BY MARY COOK, FRIENDS OF BOCA GRANDE – Sam Gwynne treated the Friends of Boca Grande crowd to a recording of the “Rebel Yell.” It was the prologue to his January 22 talk on “Rebel Yell, the Violence, Passion and Redemption of Stonewall Jackson.” Gwynne warned that the sound to be heard throughout the Community Center was a reproduction and lacked the spine-chilling quality of original rebel yells. Nonetheless, it was eerie enough for the gentle people of Boca Grande.
The yell, said Gwynne, is a mix of the “sequence of three sounds that registered between the screech of a bird and the bark of a fox: a short, high-pitched yelp, followed by a short, lower-pitched bark, followed by a long, high-pitched yelp.” Used first as Jackson’s forces charged in the Battle of Bull Run, this otherworldly battle cry caught on and was used in charges throughout the Confederate Army. It became the stuff of nightmares throughout Union forces.
“Transformation” is the core of the Jackson (1824-1863) saga, according to Gwynne. From 1851 to 1861, Thomas Jonathan Jackson was a withdrawn, ineffective Virginia Military Institute physics teacher with no apparent leadership qualities. He was often called “Tom Fool” at VMI. In 14 short months, the man who failed to control sailing spitballs and student pranks in the classroom metamorphosed into the rock star known as General “Stonewall” Jackson, military genius of the Western World.
Stepping into command in the Civil War summoned Jackson’s West Point training (Class of ’86), as well as an unforeseen focus on defeat of an enemy. He led undermanned, malnourished, ill-equipped troops, galvanizing the Southern effort through victories from Harpers Ferry, the first battle at Bull Run through the Shenandoah Valley campaign, Antietam, then the second battle at Bull Run and the battle of Chancellorsville.

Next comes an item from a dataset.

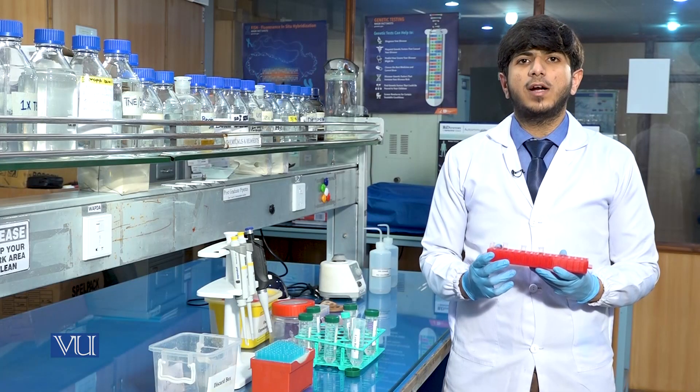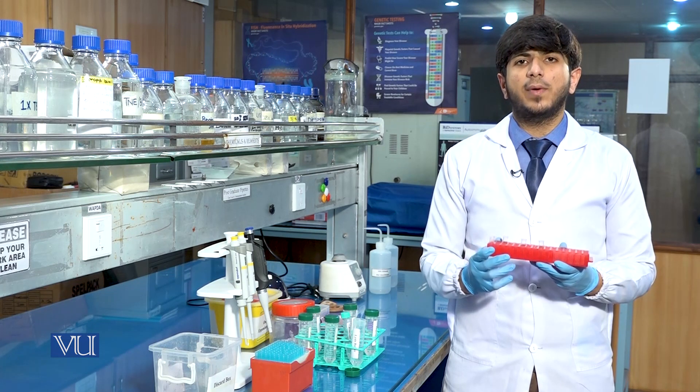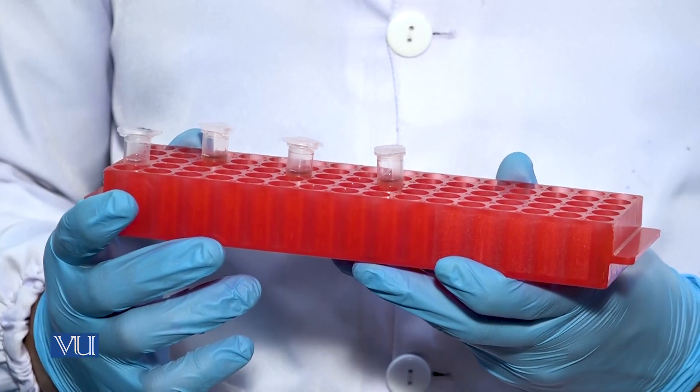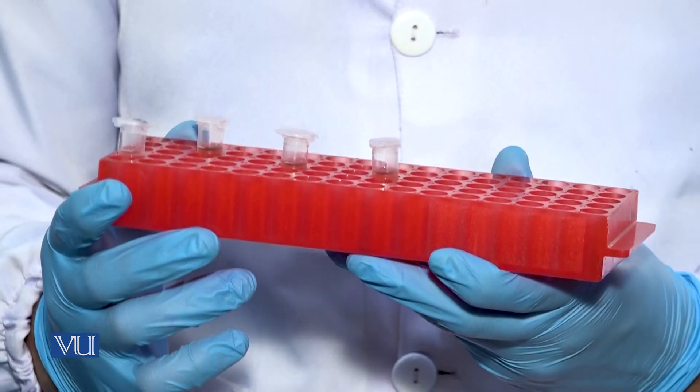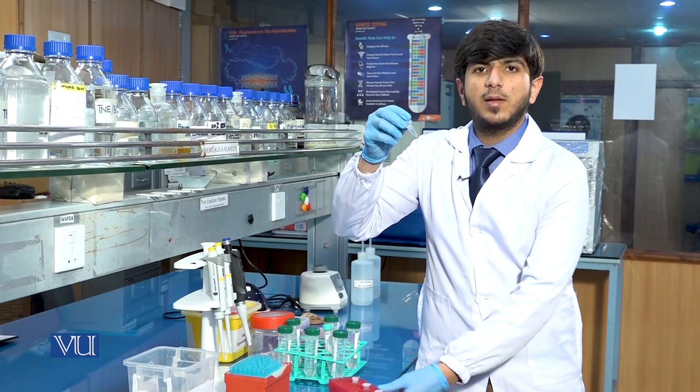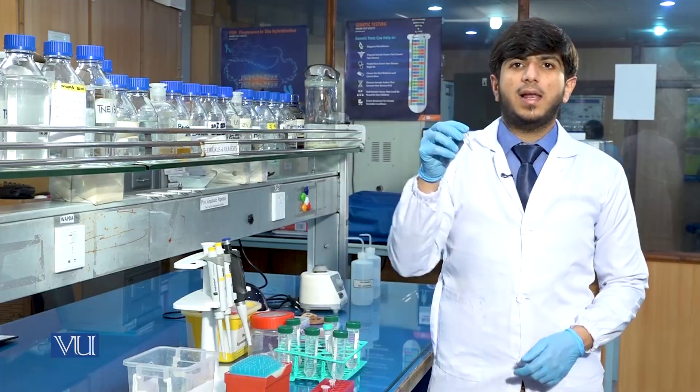Now again for the third washing, we will centrifuge the sample on the same conditions as previous: 13,000 RPM speed at 4 degrees Celsius for 15 minutes. After the third washing, the results will be like this — the pellet will become colorless.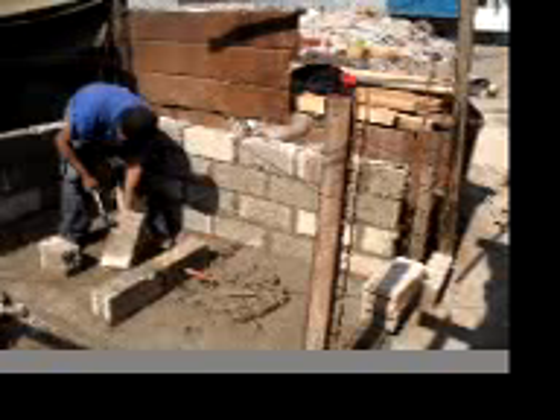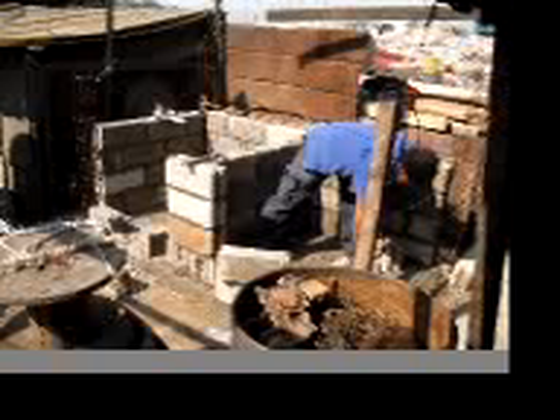This latrine will have two separate chambers. You can also see reinforcing wires set up at the corners to provide rigidity and support for the structure. You can also see the string stretched out as a guide to keep the structure level and square. The latrine walls are now complete, and the corner posts are poured for support. The back of the chambers are being left open until later.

Bernard Bee, another Confederate general who watched Jackson defend Henry Hill at the first battle of Bull Run, bestowed the moniker “Stonewall” upon him. “There is Jackson, standing like a stone wall,” Bee told his regiment. “Let us determine to die here, and we will conquer. Rally behind the Virginians!”
In contrast to the former professor Jackson’s unpopularity and classroom chaos, the ingenious General Stonewall Jackson was an unrelenting disciplinarian who was actually idolized by his soldiers. He innovated practice marches, which kept the troops sharp, fit and fast on their feet. “Always mystify, mislead and surprise the enemy, if possible,” he preached. And he followed those directives, pioneering the use of supply trains to relocate his regiments and making clandestine troop movement a central strategy. His tactical maneuvers were the talk of salons here and abroad.
When the shattering of Jackson’s left arm in the battle of Chancellorsville led to amputation and his death from pneumonia at age 39, it was, perhaps, General Robert E. Lee who grieved most profoundly. He said, “Jackson has lost his left arm, but I have lost my right.” It seemed then as if Stonewall Jackson’s disappearance from the Confederate effort took Southern power with it.
“Tom‘s Fool” was barely a memory. Dramatic mourning for Jackson engulfed not only the Confederacy but also the Union. Gwynne pointed out that this death “triggered the first great national outpouring of grief for a fallen leader in the country’s history.”
Samuel C. Gwynne is author also of “Empire of the Summer Moon,” which won a Pulitzer Prize and National Book Critics Circle award. He is a prize-winning journalist whose work has appeared in Time Magazine, Texas Monthly, the New York Times and many other publications. His talk was part of the History and Heritage lecture series with Friends of Boca Grande Community Center.